A Chinook salmon and school of shad in the Columbia River
Credit: Jeff T. Green/Getty Images

The Shoshone-Bannock tribes in eastern Idaho have long been active on the issue. They filed a federal petition in 1990 asking that the Snake River sockeye salmon be listed as endangered. Chad Colter, director of the fish and wildlife department for the Shoshone-Bannock tribes of the Fort Hall Reservation, notes that tribes harvesting Chinook in the Salmon, Grande Ronde and Imnaha rivers recently faced catch limits of three salmon, total, for their entire communities.

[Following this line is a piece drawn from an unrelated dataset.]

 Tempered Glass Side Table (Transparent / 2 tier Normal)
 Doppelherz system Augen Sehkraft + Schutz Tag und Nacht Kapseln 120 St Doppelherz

“The subsistence path we once followed and our reliance upon the natural riverine ecosystem for that subsistence can no longer be followed or relied upon to provide for our most basic needs of food and water,” Colter says. “As a hunting people, we have gone from relying on fish runs that provided yearlong subsistence resources for our communities to ingesting merely ceremonial amounts of salmon during a short window each hunting season.”

The tribes, according to Colter, want the dams on the Lower Snake River removed to ensure tribal members can harvest salmon from populations that are sustainable, resilient, and abundant.

Taking the Long View

In Washington State, tribes and conservation groups have ample experience in advocating for dam removal—and maintaining the patience to see their efforts through. Once the decision was made to remove the Elwha Dam and Glines Canyon Dam, it took two decades before the final section of the dams were removed in 2014, but the impacts to the river ecosystem were immediate. Research showed that habitats were restored; salmon, steelhead, and trout repopulated the river; and new species moved in.

The restored Elwah River in 2017
Credit: Tom Collins via Flickr

Mace believes that sharing those success stories might lead more opponents of dam removal to reconsider their positions. “I have been trying to extend a hand and have conversations with some of the folks that have been traditionally opposed [to breaching the dams], to the communities who use the benefits of the dams, to see if we could come to some kind of understanding at least and see whether there would be a willingness to figure out some solutions,” she says. “We are seeing people take more of a long view. They’re realizing that the salmon crisis won’t go away unless we take some bold actions.”

In the meantime, Good Stefani takes heart in the dialogues being had at forums like the Boise conference. “When we talk face-to-face, we confront the uncomfortable fact that finding a solution is complicated and there is no villain here,” she says. “We have to stop fighting about who has more to lose and start asking what everybody needs. We all want our kids to be able to float and fish these rivers, to know that increasingly rare kind of abundance.”